* EXERCISE AIM
Your answer should consist of every line from the records that holds the string "video".

Start of RECORD EXCERPTS

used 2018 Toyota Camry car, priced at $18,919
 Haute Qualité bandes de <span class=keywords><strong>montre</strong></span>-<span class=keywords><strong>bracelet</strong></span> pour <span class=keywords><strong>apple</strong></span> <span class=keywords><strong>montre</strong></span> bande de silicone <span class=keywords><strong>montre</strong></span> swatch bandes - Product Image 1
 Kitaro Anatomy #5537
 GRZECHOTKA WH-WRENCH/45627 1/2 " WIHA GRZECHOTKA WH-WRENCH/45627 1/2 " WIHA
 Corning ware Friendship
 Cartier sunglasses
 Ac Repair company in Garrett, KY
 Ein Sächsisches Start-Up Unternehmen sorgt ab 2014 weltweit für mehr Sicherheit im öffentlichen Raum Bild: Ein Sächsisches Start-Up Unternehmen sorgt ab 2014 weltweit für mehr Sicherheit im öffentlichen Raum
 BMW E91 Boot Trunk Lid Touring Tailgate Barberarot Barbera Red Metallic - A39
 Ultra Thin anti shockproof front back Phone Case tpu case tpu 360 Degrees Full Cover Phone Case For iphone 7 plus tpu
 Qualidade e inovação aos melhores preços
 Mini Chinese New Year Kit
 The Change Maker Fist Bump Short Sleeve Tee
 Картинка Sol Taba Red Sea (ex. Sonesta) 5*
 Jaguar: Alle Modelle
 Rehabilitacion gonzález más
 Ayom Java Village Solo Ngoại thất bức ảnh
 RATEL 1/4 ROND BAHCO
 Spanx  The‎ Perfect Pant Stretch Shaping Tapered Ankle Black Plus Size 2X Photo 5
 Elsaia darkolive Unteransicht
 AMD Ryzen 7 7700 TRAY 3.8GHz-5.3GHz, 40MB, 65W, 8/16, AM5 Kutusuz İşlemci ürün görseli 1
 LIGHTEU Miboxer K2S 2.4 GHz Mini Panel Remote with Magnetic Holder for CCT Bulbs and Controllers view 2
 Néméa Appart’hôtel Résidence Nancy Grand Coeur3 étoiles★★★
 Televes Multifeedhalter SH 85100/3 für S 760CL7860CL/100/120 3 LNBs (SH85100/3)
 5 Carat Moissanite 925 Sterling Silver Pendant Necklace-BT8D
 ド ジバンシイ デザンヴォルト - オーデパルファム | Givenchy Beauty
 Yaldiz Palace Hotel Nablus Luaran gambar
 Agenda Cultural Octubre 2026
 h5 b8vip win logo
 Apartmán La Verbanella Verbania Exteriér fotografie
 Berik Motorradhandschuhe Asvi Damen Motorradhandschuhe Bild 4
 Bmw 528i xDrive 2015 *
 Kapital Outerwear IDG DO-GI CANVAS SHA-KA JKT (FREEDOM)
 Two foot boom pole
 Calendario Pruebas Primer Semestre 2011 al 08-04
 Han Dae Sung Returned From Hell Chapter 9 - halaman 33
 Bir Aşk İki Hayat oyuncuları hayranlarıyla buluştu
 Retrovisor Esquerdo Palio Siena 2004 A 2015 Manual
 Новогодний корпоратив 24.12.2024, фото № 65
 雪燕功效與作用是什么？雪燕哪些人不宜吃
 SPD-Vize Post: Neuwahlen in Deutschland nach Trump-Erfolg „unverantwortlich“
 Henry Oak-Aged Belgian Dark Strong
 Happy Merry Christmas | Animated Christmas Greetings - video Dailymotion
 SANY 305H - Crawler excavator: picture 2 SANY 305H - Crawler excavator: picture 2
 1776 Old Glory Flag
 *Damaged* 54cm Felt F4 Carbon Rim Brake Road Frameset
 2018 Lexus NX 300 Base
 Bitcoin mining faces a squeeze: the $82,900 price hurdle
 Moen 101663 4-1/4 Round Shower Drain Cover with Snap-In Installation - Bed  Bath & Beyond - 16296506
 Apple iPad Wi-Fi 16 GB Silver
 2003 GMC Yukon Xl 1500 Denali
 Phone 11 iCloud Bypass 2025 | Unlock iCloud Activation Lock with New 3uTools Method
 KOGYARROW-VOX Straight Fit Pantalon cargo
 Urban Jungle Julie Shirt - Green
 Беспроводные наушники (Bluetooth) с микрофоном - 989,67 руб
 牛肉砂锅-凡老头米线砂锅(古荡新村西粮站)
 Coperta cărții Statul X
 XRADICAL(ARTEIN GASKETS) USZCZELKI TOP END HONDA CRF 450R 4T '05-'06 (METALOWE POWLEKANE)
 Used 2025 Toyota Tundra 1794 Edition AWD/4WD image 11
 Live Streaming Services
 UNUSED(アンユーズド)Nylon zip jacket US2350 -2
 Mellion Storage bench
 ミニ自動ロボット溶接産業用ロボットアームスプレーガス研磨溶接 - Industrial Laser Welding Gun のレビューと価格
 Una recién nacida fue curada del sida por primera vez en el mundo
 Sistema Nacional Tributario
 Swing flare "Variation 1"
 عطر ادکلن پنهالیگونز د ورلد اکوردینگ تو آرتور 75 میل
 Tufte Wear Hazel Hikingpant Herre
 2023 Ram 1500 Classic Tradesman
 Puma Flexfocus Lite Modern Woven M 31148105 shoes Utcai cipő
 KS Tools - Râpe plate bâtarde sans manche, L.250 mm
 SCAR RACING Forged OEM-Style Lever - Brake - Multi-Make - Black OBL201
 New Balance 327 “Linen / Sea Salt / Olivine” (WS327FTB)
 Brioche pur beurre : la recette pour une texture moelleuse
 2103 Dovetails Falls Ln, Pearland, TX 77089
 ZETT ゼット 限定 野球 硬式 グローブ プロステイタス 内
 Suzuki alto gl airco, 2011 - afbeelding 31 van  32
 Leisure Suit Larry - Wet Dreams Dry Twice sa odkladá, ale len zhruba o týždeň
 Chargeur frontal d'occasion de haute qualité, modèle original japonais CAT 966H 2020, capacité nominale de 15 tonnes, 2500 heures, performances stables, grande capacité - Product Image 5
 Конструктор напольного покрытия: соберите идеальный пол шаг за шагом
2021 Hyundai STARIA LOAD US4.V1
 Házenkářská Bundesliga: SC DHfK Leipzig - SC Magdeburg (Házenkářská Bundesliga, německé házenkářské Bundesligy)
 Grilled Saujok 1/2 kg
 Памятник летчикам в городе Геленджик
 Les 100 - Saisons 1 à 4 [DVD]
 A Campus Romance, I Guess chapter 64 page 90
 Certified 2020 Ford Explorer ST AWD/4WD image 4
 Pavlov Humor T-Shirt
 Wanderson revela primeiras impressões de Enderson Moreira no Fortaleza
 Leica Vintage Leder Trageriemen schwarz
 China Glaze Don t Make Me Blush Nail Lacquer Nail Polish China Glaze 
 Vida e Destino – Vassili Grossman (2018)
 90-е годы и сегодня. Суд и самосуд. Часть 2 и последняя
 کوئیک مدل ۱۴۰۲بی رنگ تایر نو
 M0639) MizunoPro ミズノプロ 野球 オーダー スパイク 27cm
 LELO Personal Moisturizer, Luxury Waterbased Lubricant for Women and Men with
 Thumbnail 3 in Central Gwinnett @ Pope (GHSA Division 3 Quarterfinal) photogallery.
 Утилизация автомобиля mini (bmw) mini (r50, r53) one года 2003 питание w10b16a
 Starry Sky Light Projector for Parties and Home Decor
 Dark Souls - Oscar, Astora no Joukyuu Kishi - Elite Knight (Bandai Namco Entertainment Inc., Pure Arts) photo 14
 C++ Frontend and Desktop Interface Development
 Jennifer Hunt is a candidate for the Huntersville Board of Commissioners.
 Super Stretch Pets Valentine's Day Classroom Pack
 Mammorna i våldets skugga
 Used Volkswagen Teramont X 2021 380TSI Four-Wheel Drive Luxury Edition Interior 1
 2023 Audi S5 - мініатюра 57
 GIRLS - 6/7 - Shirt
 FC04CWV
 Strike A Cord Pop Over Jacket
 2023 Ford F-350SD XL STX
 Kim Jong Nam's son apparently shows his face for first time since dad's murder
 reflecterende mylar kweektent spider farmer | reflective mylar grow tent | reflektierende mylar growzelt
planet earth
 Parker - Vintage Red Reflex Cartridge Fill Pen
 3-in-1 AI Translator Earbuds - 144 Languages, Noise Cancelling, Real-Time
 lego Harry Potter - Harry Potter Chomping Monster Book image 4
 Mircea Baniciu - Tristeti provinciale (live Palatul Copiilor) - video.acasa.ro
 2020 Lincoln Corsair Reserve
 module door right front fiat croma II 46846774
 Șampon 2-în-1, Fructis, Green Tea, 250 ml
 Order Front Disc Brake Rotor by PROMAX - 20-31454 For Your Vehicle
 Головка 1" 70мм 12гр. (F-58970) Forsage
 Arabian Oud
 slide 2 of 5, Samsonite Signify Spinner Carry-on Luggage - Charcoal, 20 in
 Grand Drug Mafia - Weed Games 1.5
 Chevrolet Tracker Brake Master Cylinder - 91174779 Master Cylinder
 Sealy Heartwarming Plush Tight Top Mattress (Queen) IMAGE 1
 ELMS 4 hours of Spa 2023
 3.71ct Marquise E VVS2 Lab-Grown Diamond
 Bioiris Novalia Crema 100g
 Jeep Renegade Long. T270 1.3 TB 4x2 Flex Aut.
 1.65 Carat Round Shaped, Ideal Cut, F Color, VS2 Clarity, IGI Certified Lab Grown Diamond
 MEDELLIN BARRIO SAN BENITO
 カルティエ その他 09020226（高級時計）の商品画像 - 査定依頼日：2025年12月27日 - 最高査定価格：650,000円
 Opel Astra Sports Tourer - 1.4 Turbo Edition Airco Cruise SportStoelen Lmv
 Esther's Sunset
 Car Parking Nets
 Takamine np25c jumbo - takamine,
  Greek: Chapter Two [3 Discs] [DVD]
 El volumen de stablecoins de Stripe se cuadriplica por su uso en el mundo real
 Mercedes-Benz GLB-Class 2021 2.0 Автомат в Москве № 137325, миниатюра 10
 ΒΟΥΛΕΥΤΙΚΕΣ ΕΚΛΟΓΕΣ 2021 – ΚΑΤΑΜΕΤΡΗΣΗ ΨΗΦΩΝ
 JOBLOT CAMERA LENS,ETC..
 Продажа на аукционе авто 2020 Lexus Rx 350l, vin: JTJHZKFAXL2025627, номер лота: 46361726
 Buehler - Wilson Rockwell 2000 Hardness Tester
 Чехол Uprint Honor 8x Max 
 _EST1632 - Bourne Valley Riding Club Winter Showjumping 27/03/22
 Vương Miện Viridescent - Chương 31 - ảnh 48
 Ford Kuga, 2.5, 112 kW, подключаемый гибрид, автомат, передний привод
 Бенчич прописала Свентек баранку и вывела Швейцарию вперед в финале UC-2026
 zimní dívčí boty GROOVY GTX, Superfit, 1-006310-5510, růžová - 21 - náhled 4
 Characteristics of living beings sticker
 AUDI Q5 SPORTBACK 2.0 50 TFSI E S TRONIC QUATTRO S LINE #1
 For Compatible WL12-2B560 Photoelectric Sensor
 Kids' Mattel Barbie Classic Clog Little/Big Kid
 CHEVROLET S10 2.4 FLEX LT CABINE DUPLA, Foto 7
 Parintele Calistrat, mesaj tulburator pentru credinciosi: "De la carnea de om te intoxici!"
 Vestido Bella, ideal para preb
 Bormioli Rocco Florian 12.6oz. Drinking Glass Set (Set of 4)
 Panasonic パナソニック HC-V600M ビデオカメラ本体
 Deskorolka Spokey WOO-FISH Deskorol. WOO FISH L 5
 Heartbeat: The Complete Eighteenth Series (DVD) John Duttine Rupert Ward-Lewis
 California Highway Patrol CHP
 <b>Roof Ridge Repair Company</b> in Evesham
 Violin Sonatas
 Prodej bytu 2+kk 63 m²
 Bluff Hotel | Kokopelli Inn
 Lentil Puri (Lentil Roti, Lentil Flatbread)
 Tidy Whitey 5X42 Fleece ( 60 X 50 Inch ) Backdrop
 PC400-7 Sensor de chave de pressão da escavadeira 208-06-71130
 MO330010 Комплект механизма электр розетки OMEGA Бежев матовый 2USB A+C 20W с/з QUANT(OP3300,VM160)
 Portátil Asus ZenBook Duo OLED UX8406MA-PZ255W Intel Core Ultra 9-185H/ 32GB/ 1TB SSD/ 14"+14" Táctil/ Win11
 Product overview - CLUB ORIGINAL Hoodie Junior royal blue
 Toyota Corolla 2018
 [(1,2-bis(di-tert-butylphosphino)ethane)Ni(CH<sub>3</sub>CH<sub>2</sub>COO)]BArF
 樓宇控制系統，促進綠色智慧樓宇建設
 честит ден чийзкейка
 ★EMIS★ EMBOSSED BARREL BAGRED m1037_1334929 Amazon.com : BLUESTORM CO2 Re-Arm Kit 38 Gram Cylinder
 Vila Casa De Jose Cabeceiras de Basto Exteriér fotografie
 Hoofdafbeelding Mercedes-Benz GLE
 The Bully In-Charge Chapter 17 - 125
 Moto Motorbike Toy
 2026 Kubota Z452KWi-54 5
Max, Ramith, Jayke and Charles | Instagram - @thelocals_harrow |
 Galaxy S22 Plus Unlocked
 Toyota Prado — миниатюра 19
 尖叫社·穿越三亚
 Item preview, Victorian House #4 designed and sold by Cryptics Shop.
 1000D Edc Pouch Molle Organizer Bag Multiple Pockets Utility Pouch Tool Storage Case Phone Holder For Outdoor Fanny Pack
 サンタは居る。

End of RECORD EXCERPTS

* SOLUTION FOR THIS EXERCISE
 Happy Merry Christmas | Animated Christmas Greetings - video Dailymotion
 Mircea Baniciu - Tristeti provinciale (live Palatul Copiilor) - video.acasa.ro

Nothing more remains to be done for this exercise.